Online documentation
Some quick links to the ES online documentations,
- Glossary:First get familiar with different glossary used to under the concepts better.
- Guide:The online Guide, details out different sections along with quick examples to start with.
- Blog: The Blog section covers regular update details.
- Tutorials: The Tutorials section covers common concepts around ES usage.
- API docs: Check the Java API section covering sample examples.
- Video: Check the Video covering various ES topics.
- Github: Check different ElasticSearch projects on githun covering sample examples etc. also.

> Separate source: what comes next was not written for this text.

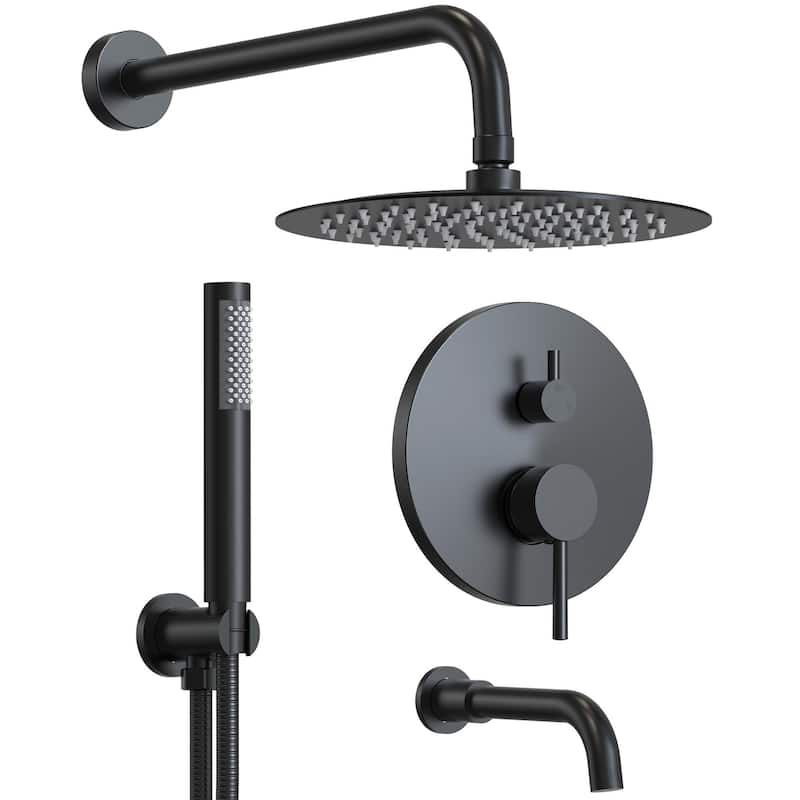 GRANDJOY 10inch Wall Mount Rainfall Shower Head and Handheld Shower Spray Combo Shower System - Black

Starting with basic concepts
Lucene Concepts
Lucene is text search engine library. Get familiar with the basic lucene terminology:
- Document: collection of fields
- Field: string based key-value pair
- Collection: set of documents
- Precision: number of relevant documents
- Recall: number of documents returned
- Inverted index: a term can list the number
- of documents it contains
- Lucene blocks: Index Writer, Analyzer, tokenizer, Query parser, Query, Index Searcher etc.
- Index and Segments: Indexes written as non modifiable segments.
- Score: relevancy for each document matching the query
Refer to Lucene online Documentation and Wiki for further details.
ElasticSearch Concepts
- Document: JSON document with data
- Field: string based on key-value pair
- Type: like a table in Relational database
- Index: like a database with multiple type
- Mapping: like a schema for database
- Distributed nature: node, shards, replicas etc.
Refer to ElasticSearch Glossary section for further details.
Hi,
Thank you for this nice tutorial, I am new to this kind of search, could you please provide the example as a small maven project so we can test it in eclipse ?
thanks, your help is appreciated.
Can you please give project link in github?
Please check the tutorial on github,
https://github.com/jaibeermalik/elasticsearch-tutorial
Hello,
I want to highlight text in the search string, is there any straight way to do using elastic Search API in java ?
I have search text description and search String keyword.
Regards
Krishan
Why do the cURL examples use port 9200, but the Java example uses port 9300?
Thanks…… lreeder
Here we are connecting to Elastic search server by TCP port which is by default 9300. When we connect by http then by default port for communication is 9200
Good website to learn..
how to delete a index based on size?